Is this how it will be now? the lines of younger guests in the photograph are thinking, as they smile and pose, as they hold up their champagne glasses to the camera. Are people starting to get married? Have they really reached that age? Are they to attend weddings at weekends? Is this the start of it all? A strange parade of ceremonies, rehearsal dinners, line-ups, after-parties, their friends unrecognisable in stiff, elaborate dresses and immovable hairdos. The unfathomable lists of required items. What are fish forks and butter knives and occasional vases, and why do their friends need them, and why must they buy them in exchange for attending this peculiar event?
The bride’s father does something important in a bank (no one is entirely clear on this point) and the wedding is taking place in the borders of Scotland, a locale the majority of the guests have never visited. There is, here, a turreted, moated country house, surrounded by woods so dense and green they have a vaguely menacing, fairy-tale air, crowding in where the manicured lawns of the house stop. One would do well not to wander into them, not to stray from the paths, not to follow music you might hear from somewhere among the trees.
Peacocks pick their way over the gravelled drive and scream at their reflections in the parked cars. It is quite a lot colder than most of the non-Scottish guests – that is to say, the younger crowd, the couple’s friends – would have expected for June. The women, no more than girls, shiver in the mist that seems to roll all day long off the loch, in through the forests, their flesh goosebumped under their thin, short dresses, their ankles mauve above their strapped heels. The ones who thought to bring shawls or jackets clutch the fabric about themselves.
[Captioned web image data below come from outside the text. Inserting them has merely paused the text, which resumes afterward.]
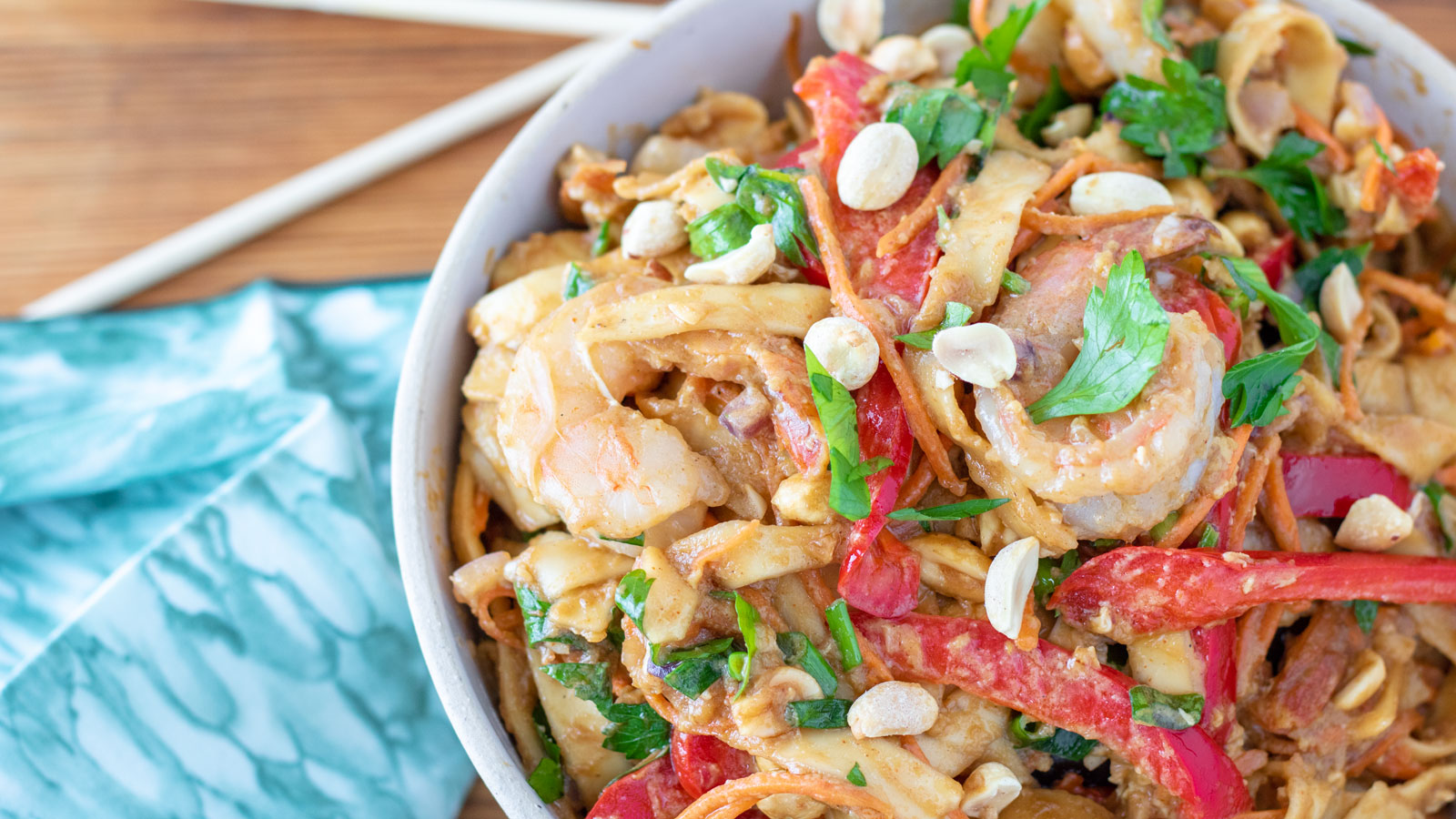 Large bowl filled with colorful shrimp pad thai.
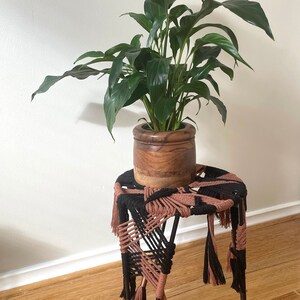 May include: A potted peace lily plant sits on a black and pink macrame stool with black metal legs.
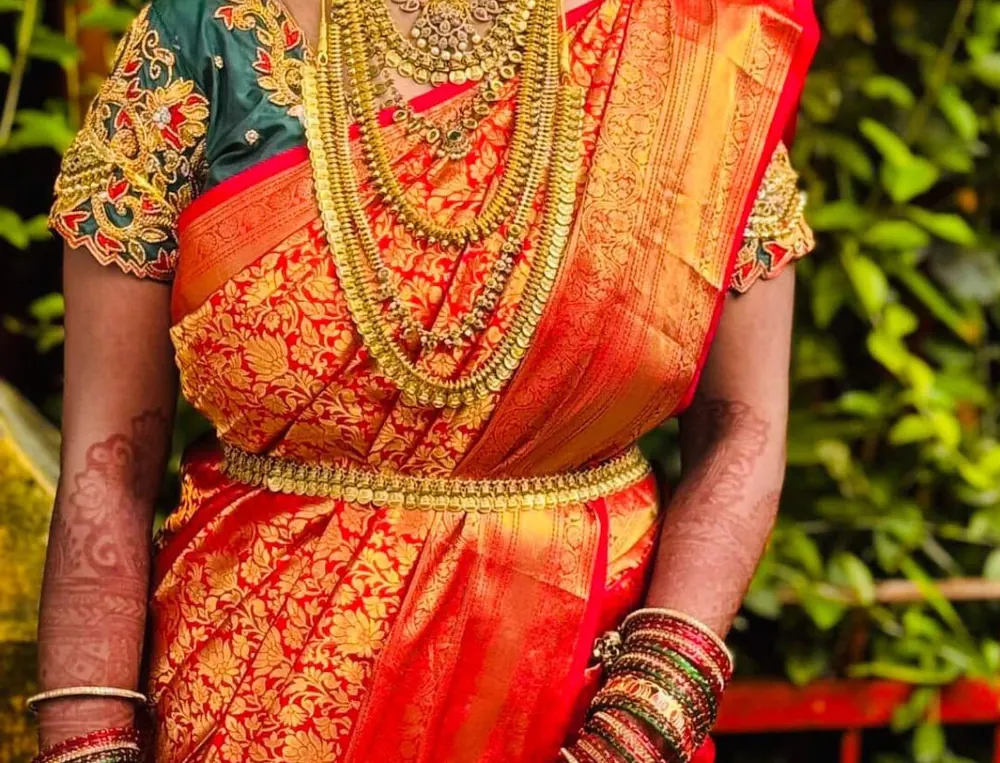 Red Kanchipuram saree with a green zardosi embroidered blouse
The men cup their cigarettes in their hands, as if for warmth, shoulders raised inside the inadequate cloth of their hired suits.
They have travelled up, in groups, the previous night, from London and the south, some, the more organised ones, by train, the others in an assortment of cars, borrowed mostly from friends or siblings. They stopped, noisily, at various places on the way: York, then an unsuspecting village in Northumberland, at Holy Island, where they disembarked from their vehicles and waded off the causeway into the encroaching tide. They paused at service stations to buy crisps and chocolate, magazines and deodorant, cigarettes and contraceptives. They behaved, every one of them, in all of these places, in a manner so raucous it verged on shrill, so uninhibited it suggested hysteria. Someone got hold of a can of shaving foam and covered another’s car in white froth. The men picked up the women and they had a piggyback race to the toilets. A felt-pen was acquired from somewhere and anyone sleeping was decorated with a black moustache.